We are expecting cool startups, well-developed projects with some AI base. We see that VC is also developing and that Armenia is backed by Armenian VC’s and funds from U.S. and other countries. They are supporting the local ecosystem.
We are trying to work with all representatives of the ecosystem in Armenia to unite them all, to make it bigger and more powerful.
We hope that this year we will really find someone who will represent Armenia at a good level both in regional and global summits. And we hope that they will get in the top 12 in global summit. It will give them opportunity to pitch from the main stage and represent the CEE and Central Asia region.
This year we had one representative from the region, it was a Ukrainian startup which got to top 12. We hope that this year we will have more representatives there.
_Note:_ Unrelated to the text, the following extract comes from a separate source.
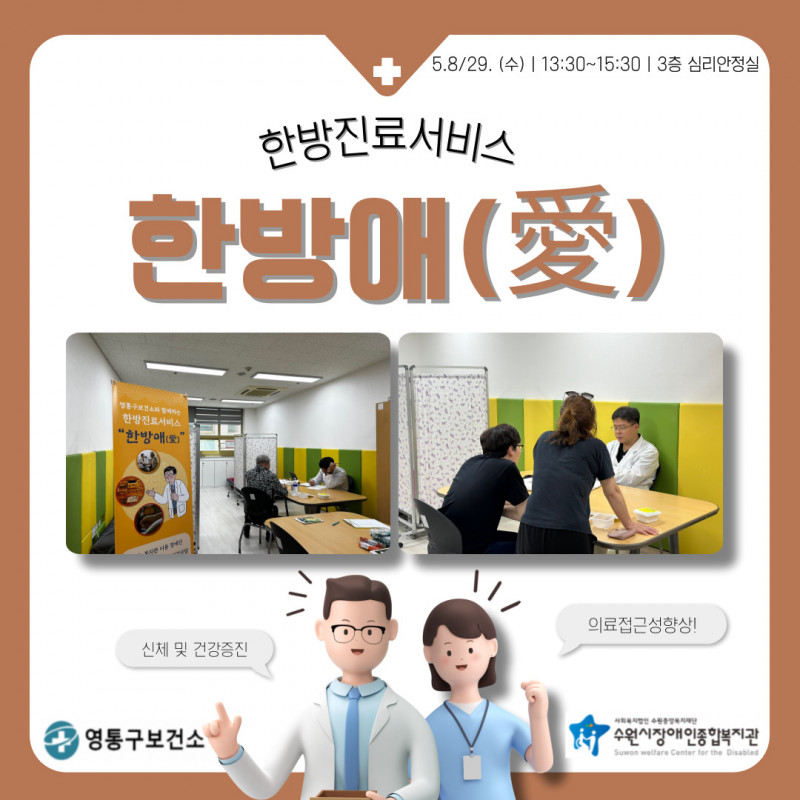 영통구보건소 연계 한방진료서비스 한방애 포토뉴스 메인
Based on your experience working with startups from different countries, which startups are more successful and go further in Seedstars?
It actually depends on challenges that arise in different countries. In Seedstars we are looking to emerging markets. We are trying to help emerging markets startups to make impact in their countries, create jobs.
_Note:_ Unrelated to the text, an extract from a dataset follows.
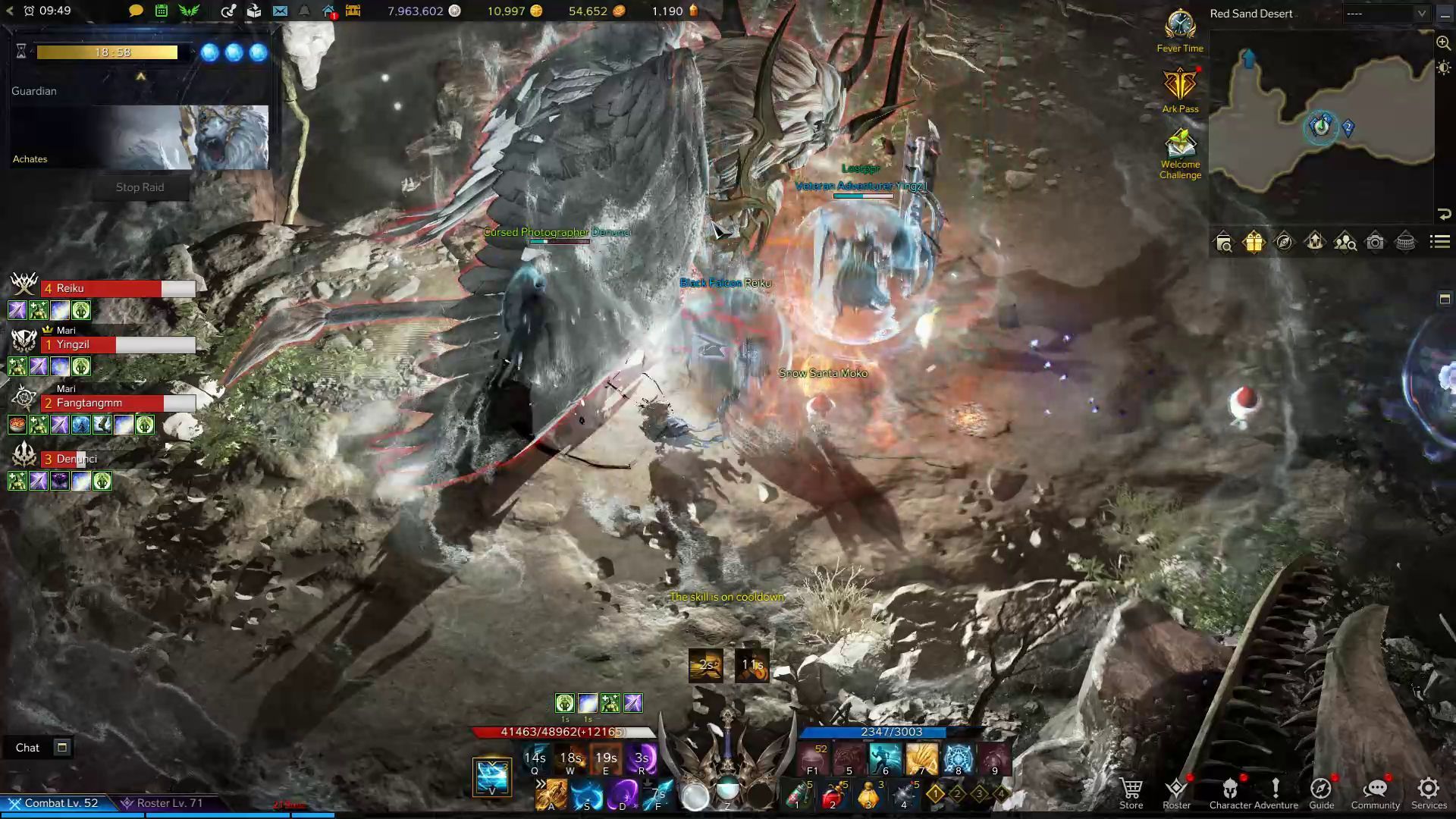 Achates Power Up Skill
Emerging markets have almost the same challenges and are working on almost the same solutions. This year’s winner from Ghana had a platform which helps farmers to sell their products directly to the costumers avoiding any intermediaries, such as supermarkets, etc. When I was in Mongolia this year, guys were working on a similar project there, because they have the same challenge. In Dnipro, I saw the same challenges existing.
We see that people are eager to solve really painful challenges and this is what is trending.
It’s not about tech. We know that blockchain, crypto, AI are trends but they are just technologies with which you can solve problems.
The startup selected from Armenia last year, Chessify, was also based on AI technology.
Yes, it is a really great combination of chess and AI. I know that Armenians are very good at chess. I hope to find qualified AI specialists here, as I was informed there are many people in Armenia involved in the development of AI solutions.
In other countries these specialists are in demand for other projects. We hope to make interconnection between countries.
What are the most frequent mistakes the startups in this region make?
The first problem is the lack of people who know good English. Sometimes we have cool projects with great people working on them, but they can’t deliver the message in order to sell their project because of bad English.
The second mistake exists both in this region and globally. Sometimes startups chose a narrow direction, and they don’t think about applying their technology in other sectors as well. They create sophisticated technology, but they don’t think that this technology can be used for solving a bigger issue.
Another problem is specific for countries that are surrounded by more developed economies. They don’t look abroad and focus on their local market only. The advice here is that you are not alone with your country problems, and if you look at other regions, you will find countries with absolutely the same problems, where your solution can be applied too. What you need to do is to add a few more languages in your webpage or just make it only in English.
If you are an excellent programmer, you can’t be an entrepreneur at the same time. You should understand the code behind the product, but at the same time you should know how to communicate with people, how to pitch. That is why we are trying to work more with founders and CEOs. It’s not because we don’t need developers, but we need to divide the duties and understand who is responsible for what.
10 startups will be pitching at Yerevan final on Saturday. What would be your advice to them?
Don’t be afraid to fail, because we all learn on our failures. If anything goes wrong just keep going. Simply don’t forget to ask for what you need for your startup to grow. You can ask for investment, advice, mentors and specialists.
We hope to have an intensive and fruitful event on September 29. That’s why we are also inviting all ecosystem players to attend. We will also be glad to see young entrepreneurs, who have just launched their startups – it’s a great opportunity for them to hear the pitches of other startups, hear the jury questions and understand what is expected from them, what they should be prepared for.